Do your salespeople believe in your brand?

Crossing FingersA successful salesperson is one who believes in himself, as well as in the product or service he is selling. If this second component is missing, your company has a problem.

A company can recruit a top-performing sales team, but if the brand is perceived as low value, or doesn’t measure up to or surpass the competition in some way in the minds of its salespeople, the company will never grow to its full potential. If you suspect this may be an issue at your company, consider taking the following steps with your salespeople to determine how to create a brand your entire company can believe in.

  1. Ask each of them to explain how they feel about what they are selling. This can be an intimidating question, so to ensure candid feedback, let them know that you need to know so that you can make their job easier and help them win more business. If your salespeople are in any way incentivized based on their sales, they will be more than happy to share their thoughts with you.
  2. Seek their opinions on how your company supports their efforts with things such as:
    • Training – What does your training program look like? Do you have one? Does your brand provide your salespeople with a tiebreaker that repositions your competitors as second best?
    • Innovation – Is your company keeping up with, falling behind, or surpassing competitors?
    • Research and development
    • Quality of service provided by anyone who touches the customer (service technicians, customer service, delivery, timeliness of follow up, competency of people handling issues/complaints, etc.)
    • Marketing (website, sales materials, collateral, public relations, trade show presence, videos, social media, etc.)
  3. Ask what they are hearing and seeing in the field relative to how your brand stacks up to competitors in areas such as performance, quality, delivery, support, value, and other traits specific to your products. Answers to these questions will define your brand’s reputation.
  4. Ask who they believe the “leader” is in your industry, and why. The gap between your brand and the perceived leading brand may be quite large. Or, it could only be a sliver of a difference.
  5. Have each salesperson complete a SWOTT (Strength’s Weaknesses, Opportunities, Threats, Trends) form. The feedback you receive will likely be very eye-opening, exposing you to things you are not aware of, or ever thought of.

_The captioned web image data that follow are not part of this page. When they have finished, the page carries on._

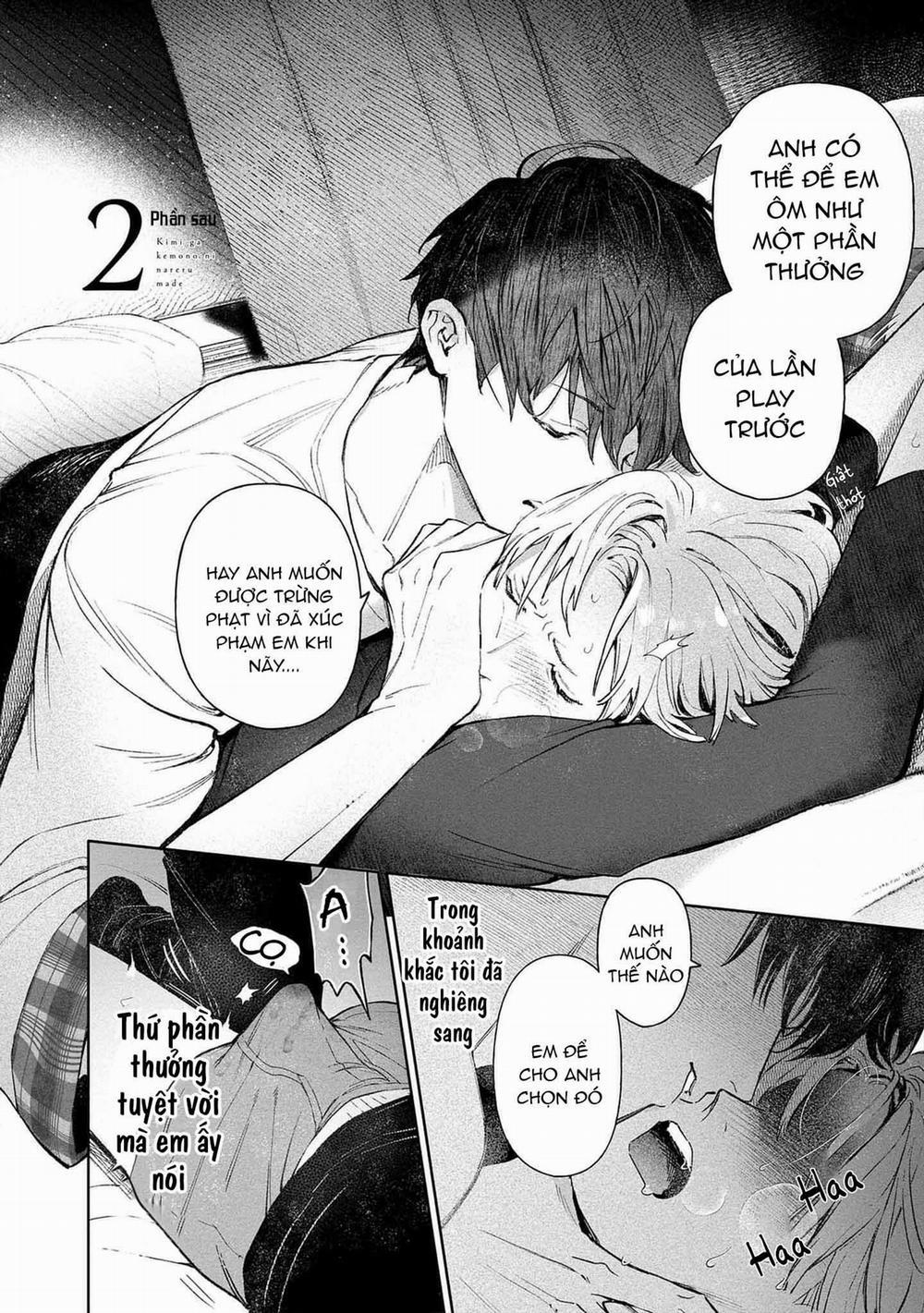 Cho đến khi em trở thành dã thú 2.2 trang 3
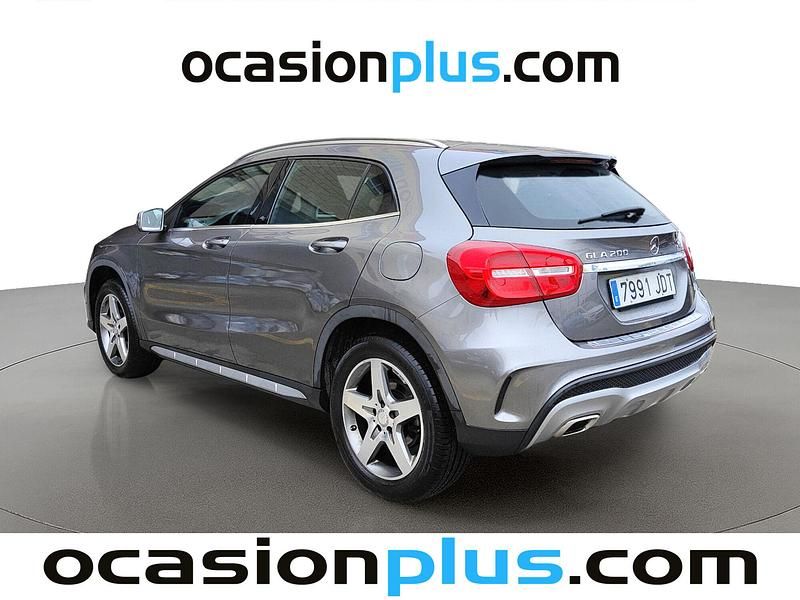 Usado Mercedes GLA200 AMG line 136 CV (100 kW) 2015 Gris SUV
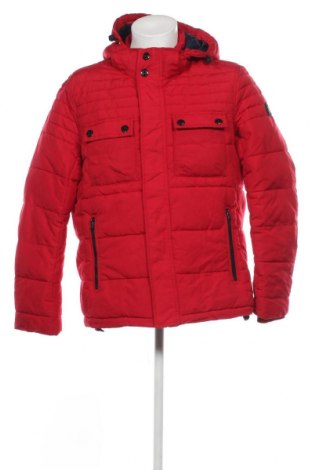 Ανδρικό μπουφάν S.Oliver, Μέγεθος XL, Χρώμα Κόκκινο, Τιμή 35,04 €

Going through this process will force your salespeople to think in ways they may not have thought before, and your conversations with them will be very enlightening. Plus, they will respect you as a leader for asking the questions which will, in turn, benefit morale.

Consider making this process a part of your sales strategy. If you don’t ask the right questions, you’ll never know what is or isn’t working, and we all know how important communication is in any relationship. If your salespeople don’t believe in what they are selling, they may move on to work for a brand they respect, and it could be your formidable competitor.